Big Data in the Cloud explain what is the relationship between these two new information technologies which is necessary to approach to the extensive network. As already mentioned in other articles, often the name of the cloud is nothing more than a group of virtualized servers : a computing resource that presents itself as a normal server. This is generally called Infrastructure as a Service (IaaS) and is offered by platforms such as Rackspace Cloud or Amazon EC2. You can buy resources for these services and you install and configure your own software, such as Hadoop or NoSQL database. Most of the solutions described below can later be distributed over IaaS services.
Big Data in the Cloud : Basics
You can use an orchestrated framework, which can deal with the management of the resources and infrastructure automation tools that manage themselves – the server installation and configuration. For example, RightScale provides a platform for multi-cloud management that mitigates some of the problems of managing servers in the cloud. Frameworks such as OpenStack and Eucalyptus help in the presentation of a uniform interface for both private and public data center cloud. The current challenge is to make easier to use private cloud and IaaS services in the next two years the use of a cloud of resources should in fact become more immediate with the acceptance by the companies with new standards. There will be a uniform interface, which uses a private or public cloud, or a mixture of both.
Especially for big data involving several configuration tools already explicitly involving Hadoop and Dell, which has the goal of making the distribution and cluster configuration easier; and Apache Whirr, which is specialized in the performance of services and other processing systems via data cluster. If we want services there is a wide choice of IaaS cloud providers or if we can choose to serve a private cloud, getting a complete control on the infrastructure is possible with this growth.
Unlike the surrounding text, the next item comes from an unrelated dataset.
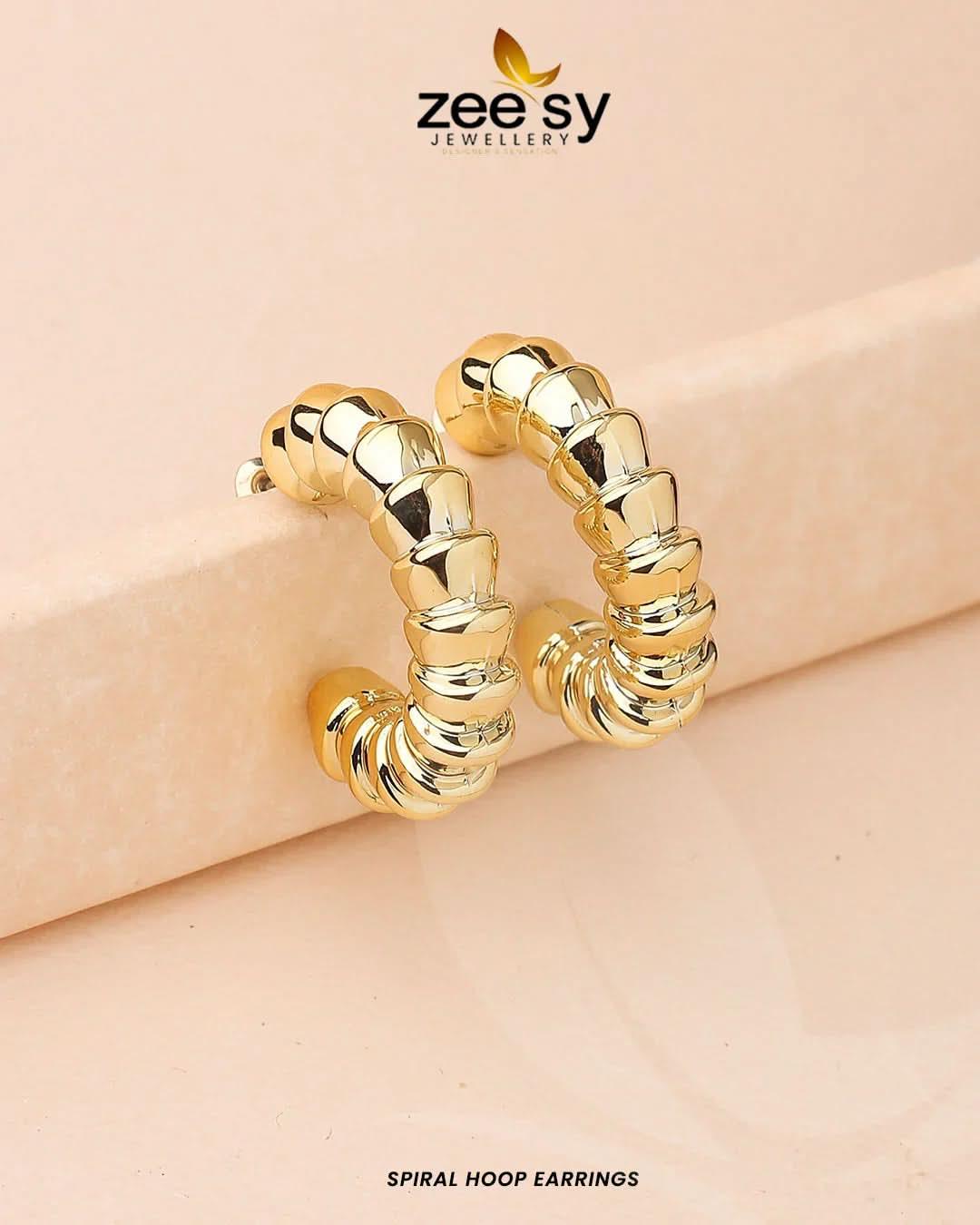 Spiral Hoop Earrings - Zeesy.pk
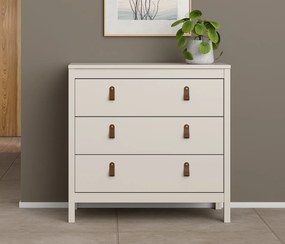 Komoda z szufladami na nóżkach Madrid 3S, kaszmir mat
In the latter case we will have the responsibility to deploy, manage and maintain our own cluster. The use of infrastructure as a service allows us to perform big data applications: managing the creation of storage and computing resources, but it do not address issues of the highest level, so the configuration of Hadoop and Hive or similar solutions, it is up to us. In addition to several IaaS cloud services provide support at the application level for work with big data. Sometimes they are called managed solutions or more commonly Platform as a Service (PaaS), these services eliminate the need to configure or scale database or frameworks, reducing your workload and commitment to the maintenance and control.
Furthermore, providers of PaaS can ensure the hosting at application level and save a lot of money of their customers. We will take one example.
Big Data in the Cloud : Google and Prediction API
Google’s cloud platform stands out from other competitors, because instead of offering virtualization, they provides a container for application with the appropriate APIs and services defined by them. Developers do not need to worry about hardware; applications running in the cloud, have the access to the power of exact processing that require, within certain limitations.
To use the Google platform is the limit of having to work within the constraints of its API. The application service of Google AppEngine offers a tool for parallel computation on the data, but this is more useful when used as part of complex applications, which perform analytics on data. Instead, BigQuery and Prediction API form the core offers for Big Data, offers options for analysis and machine learning. Both of these services are only available via REST API, consistent with the vision of Google’s web-based computing.
BigQuery is currently available in beta version, which we talked about here a few days ago. Prediction API The term of machine learning encompasses within it ans uses for the purposes of classification, analysis or recommendation generation. To meet these needs Google offers its product as Prediction API . Applications that use it work by creating and inducing a hosted model within the system of Google. Once you are used to this model, they can be used to make predictions, such as the spam detection and prevention. Google is currently working to allow these models to be shared, with an optional fee.